Editor David Helms and I spend time talking about things that don’t matter. It’s part of our unique skill set as men of letters, just a nail in the inestimable contribution we hammer into the framework of Pontotoc each week.
Said editor and I were philosophizing late last week, when I noticed a bunch of jabbering, squawking crows in the tree outside Regina Butler’s window, just north of our office.
“That’s a murder of crows,” I informed Helms. Maybe they were just blackbirds. Are they the same thing?
“Huh?” the editor responded, always astute and incisive.
“A murder of crows,” I repeated. “A group of crows is called a murder. Are you sure you went to Ole Miss?”
“You’re kidding,” said editor interjected, nonplussed.
“I wouldn’t kid about a think like that,” I said. “What gets said on the phone, in cubicles, and gets printed each day is one thing. The natural world demands a purer degree of poetry.”
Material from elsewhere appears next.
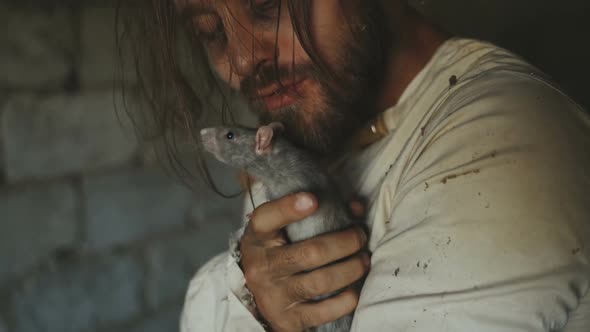 Crazy Terrible Maniac In Basement With Window Playing With Rat alt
The conversation started me thinking about other cool, odd names for groups of animals.
We all know a pride of lions, or a gaggle of geese, but the fun names aren’t part of our usual, coffee house banter.
Who knew that a group of otters is called a romp? Isn’t that great? I’m going to shoehorn that into a news story before they shovel dirt on me.
A scurry of squirrels would be exciting to see.
Sports folk would love to see a crash of rhinoceroses, or a thunder of elephants.
Sharped-tongued socialites will enjoy knowing that a group of porcupines is called a prickle.
Every third team in the country is named the tigers. An ambush or steak of tigers is acceptable.
The names get cooler as they go along.
Dan Marino was my favorite football player when I was a kid. Take your pick, either a herd—or, my personal preference--a turmoil of porpoises is the correct nomenclature.
A pod of whales sounds friendly and nonthreatening.
This one is great, very Columbo--a conspiracy of lemurs.
Birders know that a group of Martins is called a richness.
We say this almost every day, but who knew that a barrel of monkeys is the right term—that, or a troop.
A mob of kangaroos, a trip of goats, and a business of ferrets all sound vaguely menacing, as do a cauldron of bats, a cete of badgers, and a shrewdness of apes.
For us Progress folk, in our bucolic surroundings, a pace of donkeys sounds friendlier. Perhaps a labor of moles, or a skulk of foxes.
At the Progress, we acknowledge all the contemporary monikers. We’re politically and creaturely correct. We welcome and embrace all herds, thunders, conspiracies, troops, skulks, and crashes.